B.C.’s Ministry of Transportation and Infrastructure said the effort was part of a pilot program, and commercial trucks would not be permitted to use the left lane on Snowshed Hill between Box Canyon and Zopkios. Other routes in the interior of the province could also see the same measures in the future.
For now, the focus is being put on Snowshed Hill because the government indicated that B.C.’s Commercial Vehicle Safety Enforcement places a large part of its efforts into this location during the winter months when inclement weather can wreak havoc.
“By restricting trucks from the left lane, we will be better able to maintain traffic flow (including emergency vehicles) and plowing operations, as well as significantly reduce the time it takes to re-establish the flow of traffic after a vehicle incident/closure,” the ministry’s statement indicated.
Rick Moore is the owner of North Thompson Trucking, a Kamloops, B.C.-based carrier that travels on the Coquihalla quite often.
Moore agrees with the government’s left lane restriction, saying it will help improve safety and traffic flow.
“In the old days, we all just followed the leader up the hills – join the parade, we called it,” said Moore. “But what happens when you get a bunch of trucks coming up a hill is that they’ll be half way up and nobody can really pass anybody and you bugger up the whole hill and nobody can get by. The one guy will spin out, the next guy will spin out, and you’re holding up everything and messing up the hill.”
Moore went so far as to say trucks should be relegated to the right lane on any steep incline in B.C., but added that Snowshed Hill is a good place to monitor a pilot program.
“Half the time when (Snowshed Hill) is all clogged up and closed out it’s because guys are trying to pass each other,” he said. “One guy is going half a mile faster than the other guy and it takes him five minutes to pass the truck.”
B.C. Trucking Association (BCTA) president and CEO Dave Earle also applauded the decision to test a left lane ban on commercial vehicles, but said the overall effort to increase safety was missing one key element.

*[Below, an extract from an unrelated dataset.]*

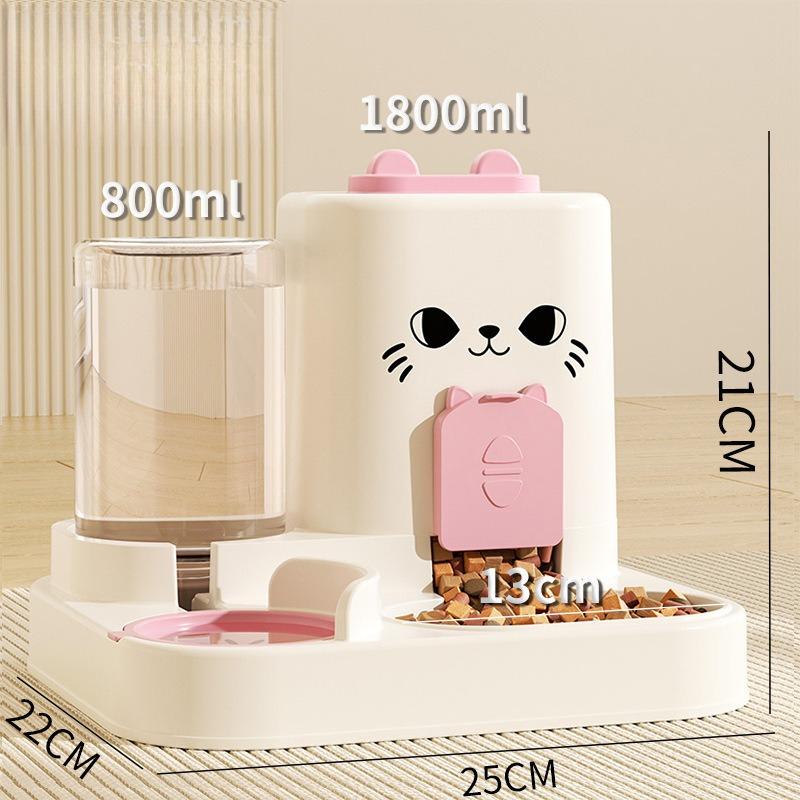 Cat Bowl Dog Bowl Cat Food Basin Cat Cat Cat Food Automatic Feeder Drinking Water Integrated Cat Basin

“While the intent to maintain a clear path in the left lane is laudable, this pilot does not address the primary cause of highway closures during severely inclement weather, which is the failure of some drivers to chain up,” said Earle. “Unless this pilot is accompanied by significant regulatory change and increased enforcement, we are concerned that all the pilot may do is ensure it is only commercial vehicles trapped behind those few drivers who refuse to comply with the law.”
It didn’t take long following the BCTA’s comments for the government to react.
The Ministry of Transportation and Infrastructure announced Nov. 28 that stricter regulations were being placed on commercial drivers when it comes to chaining up.
“Last winter, 33 of 35 extended closures on the Coquihalla involved commercial vehicles, and in most cases this was due to truck drivers either poorly installing chains or not using them at all,” said Claire Trevena, minister of Transportation and Infrastructure. “While most drivers do chain up during winter weather, these new regulations, and the stricter fines that will follow will improve safety and hopefully reduce the number of closures.”
Prior to the change in regulation, only vehicles over 27,000 kg were required to carry and use traction control devices, with only one wheel needing to be chained up when mandated. Now, all vehicles over 5,000 kg will be required to carry and use chains when necessary.
The new rule states: Vehicles less than 11,794 kilograms – like buses or five-ton trucks – must use chains on a minimum of two tires and can use steel chains, cable chains, automatic chains, socks or wheel sanders, if not equipped with winter tires; and, vehicles 11,794 kilograms or more must use steel chains, and the number of tires needing chains ranges from a minimum of two tires for vehicles without a trailer, to six tires on some larger and more-demanding configurations.
To help drivers needing to chain up, the new Box Canyon chain-up area is now open, which is located on the Coquihalla Highway before summiting Snowshed Hill.